South Africa

South Africa

Talking township trash

Talking township trash

The idea is simple: you take a seemingly intractable social problem, and bring together a small group of intelligent, motivated individuals from different sectors to discuss what can be done to solve it. This weekend saw the first Cape Town Design Storming Session take place in Khayelitsha, with the issue on the agenda the very real problem of waste removal from informal settlements. By REBECCA DAVIS

It was Sunday afternoon in Khayelitsha, and around 50 people were gathered under a large tent earnestly discussing rubbish. They were mind-mapping, sketching, using iPads to research online. Nobody was billing these hours: they were there voluntarily as part of a new project, a collaboration between the Cape Town Design Network, Creative Cape Town, and the Social Justice Coalition.  

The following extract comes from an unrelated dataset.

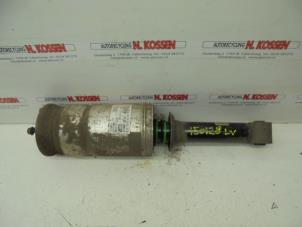 Used Front shock absorber rod, left Landrover Discovery III (LAA/TAA) 2.7 TD V6 Price on request offered by N Kossen Autorecycling BV
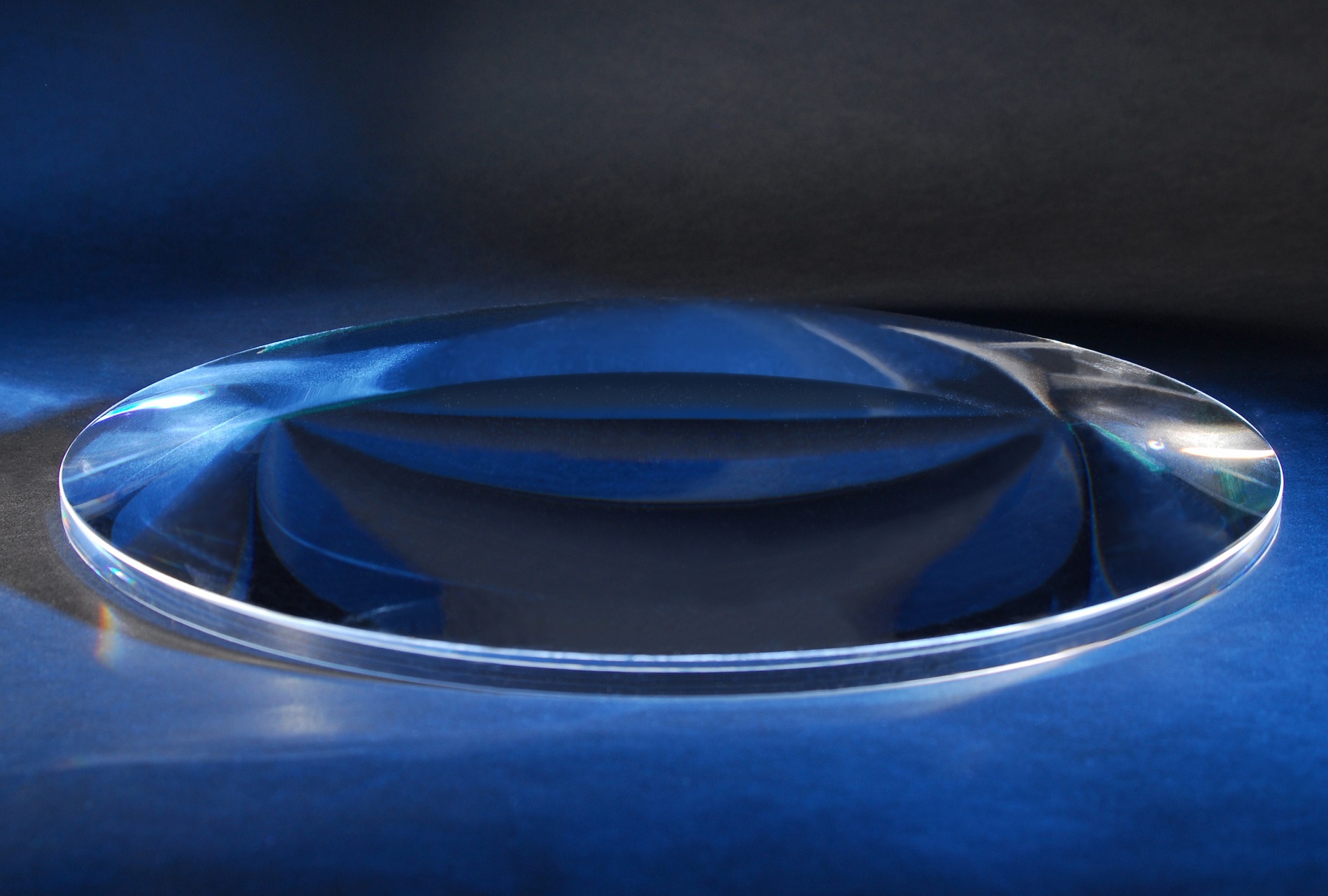 large diameter aspheric lens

The idea of ‘Design Storming’ grew out of the ‘hackathons’ which have been taking place in the IT world since the mid-2000s, where computer programmers come together for short periods of intense collaboration on software projects. The Cape Town Design Storms aim to take this concept and apply it to brainstorming on social issues. 

“Really, the idea was created out of necessity,” explained Cape Town Design Network’s Michael Wolf, who was also involved in the bidding process for Cape Town to be the World Design Capital in 2014. “Our bid was based around the notion that we would use design to transform lives, so we wanted to create a format to allow designers to engage with the basic issues of our city.” The Cape Town Design Network already has a database of designers, and they decided to involve NGOs that could identify prominent social problems and could also serve as liaisons to the communities involved.

“The key idea is to create this connection between designers, the issues, and the communities involved,” said Wolf. When they put out a call for participants in the first Design Storm, the response was extremely positive – in fact, they ended up with a waiting list of 50 people. They hope to run the Design Storms every three months, with the next one taking place in September.

Each Design Storm will see a collaboration with a different NGO, who will be responsible for deciding on the issue to be focused on and drawing up a ‘problem statement’ to help guide the brainstormers. For the inaugural Design Storm, it was up to the Social Justice Coalition (SJC) to identify a problem to be solved. They settled on the issue of waste removal in informal settlements.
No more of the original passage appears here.